WORK REQUIRED:
Copy exactly the lines of the material below that run from the one containing "Lab Created VVS" through the one containing "University of Southern". Copy no other lines.

GIVEN DATA:
━━━━━━━━━━━━━━━━━━━━━━━━━━━━━━

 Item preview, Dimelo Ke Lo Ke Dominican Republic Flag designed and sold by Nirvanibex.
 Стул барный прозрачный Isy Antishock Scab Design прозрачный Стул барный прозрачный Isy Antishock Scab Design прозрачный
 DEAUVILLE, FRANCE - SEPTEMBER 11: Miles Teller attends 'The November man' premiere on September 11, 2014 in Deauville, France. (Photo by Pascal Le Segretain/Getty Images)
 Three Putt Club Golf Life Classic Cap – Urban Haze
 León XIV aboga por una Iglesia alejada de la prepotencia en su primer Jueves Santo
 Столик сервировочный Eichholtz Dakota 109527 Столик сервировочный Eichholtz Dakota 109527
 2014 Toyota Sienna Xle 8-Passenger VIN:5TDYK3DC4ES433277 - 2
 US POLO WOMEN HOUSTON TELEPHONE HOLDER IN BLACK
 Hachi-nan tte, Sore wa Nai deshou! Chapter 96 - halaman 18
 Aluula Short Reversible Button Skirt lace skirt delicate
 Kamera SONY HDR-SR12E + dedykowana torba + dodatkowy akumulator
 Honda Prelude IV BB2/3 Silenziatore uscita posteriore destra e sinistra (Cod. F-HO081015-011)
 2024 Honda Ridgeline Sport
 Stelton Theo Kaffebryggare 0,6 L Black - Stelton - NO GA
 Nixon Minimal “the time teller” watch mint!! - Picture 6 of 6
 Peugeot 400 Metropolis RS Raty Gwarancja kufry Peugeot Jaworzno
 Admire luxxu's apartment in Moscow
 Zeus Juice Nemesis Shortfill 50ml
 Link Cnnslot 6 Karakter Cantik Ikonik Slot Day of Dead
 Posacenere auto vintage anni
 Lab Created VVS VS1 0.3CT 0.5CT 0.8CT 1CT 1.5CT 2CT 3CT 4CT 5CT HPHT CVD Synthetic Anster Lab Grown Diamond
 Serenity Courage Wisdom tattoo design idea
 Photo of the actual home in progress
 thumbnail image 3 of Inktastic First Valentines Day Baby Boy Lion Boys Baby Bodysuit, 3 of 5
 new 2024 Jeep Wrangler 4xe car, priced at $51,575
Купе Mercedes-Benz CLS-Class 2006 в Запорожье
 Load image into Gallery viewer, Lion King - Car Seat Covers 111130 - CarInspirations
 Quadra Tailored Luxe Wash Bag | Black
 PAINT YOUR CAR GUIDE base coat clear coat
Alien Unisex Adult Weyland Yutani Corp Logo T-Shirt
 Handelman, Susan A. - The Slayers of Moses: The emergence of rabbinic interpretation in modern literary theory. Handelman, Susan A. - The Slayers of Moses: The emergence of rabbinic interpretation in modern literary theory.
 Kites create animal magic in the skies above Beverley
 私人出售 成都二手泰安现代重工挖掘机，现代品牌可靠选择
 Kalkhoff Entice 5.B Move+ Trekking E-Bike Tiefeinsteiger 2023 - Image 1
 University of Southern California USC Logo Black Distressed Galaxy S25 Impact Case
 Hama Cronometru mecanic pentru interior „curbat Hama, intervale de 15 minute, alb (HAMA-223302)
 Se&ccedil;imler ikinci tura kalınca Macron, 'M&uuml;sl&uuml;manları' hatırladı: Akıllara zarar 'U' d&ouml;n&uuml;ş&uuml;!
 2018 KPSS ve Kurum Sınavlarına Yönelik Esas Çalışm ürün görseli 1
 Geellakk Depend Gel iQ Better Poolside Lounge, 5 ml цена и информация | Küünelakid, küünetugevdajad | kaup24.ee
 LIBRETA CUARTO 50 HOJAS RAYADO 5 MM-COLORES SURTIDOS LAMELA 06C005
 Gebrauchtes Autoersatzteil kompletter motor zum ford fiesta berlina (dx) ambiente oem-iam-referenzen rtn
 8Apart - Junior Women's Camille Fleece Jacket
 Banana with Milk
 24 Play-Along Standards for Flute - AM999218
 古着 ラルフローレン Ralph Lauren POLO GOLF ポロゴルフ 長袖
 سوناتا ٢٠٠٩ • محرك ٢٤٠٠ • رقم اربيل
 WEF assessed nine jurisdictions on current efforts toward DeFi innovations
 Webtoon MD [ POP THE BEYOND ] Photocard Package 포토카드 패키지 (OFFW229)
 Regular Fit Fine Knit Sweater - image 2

━━━━━━━━━━━━━━━━━━━━━━━━━━━━━━

TASK SOLUTION:
 Lab Created VVS VS1 0.3CT 0.5CT 0.8CT 1CT 1.5CT 2CT 3CT 4CT 5CT HPHT CVD Synthetic Anster Lab Grown Diamond
 Serenity Courage Wisdom tattoo design idea
 Photo of the actual home in progress
 thumbnail image 3 of Inktastic First Valentines Day Baby Boy Lion Boys Baby Bodysuit, 3 of 5
 new 2024 Jeep Wrangler 4xe car, priced at $51,575
Купе Mercedes-Benz CLS-Class 2006 в Запорожье
 Load image into Gallery viewer, Lion King - Car Seat Covers 111130 - CarInspirations
 Quadra Tailored Luxe Wash Bag | Black
 PAINT YOUR CAR GUIDE base coat clear coat
Alien Unisex Adult Weyland Yutani Corp Logo T-Shirt
 Handelman, Susan A. - The Slayers of Moses: The emergence of rabbinic interpretation in modern literary theory. Handelman, Susan A. - The Slayers of Moses: The emergence of rabbinic interpretation in modern literary theory.
 Kites create animal magic in the skies above Beverley
 私人出售 成都二手泰安现代重工挖掘机，现代品牌可靠选择
 Kalkhoff Entice 5.B Move+ Trekking E-Bike Tiefeinsteiger 2023 - Image 1
 University of Southern California USC Logo Black Distressed Galaxy S25 Impact Case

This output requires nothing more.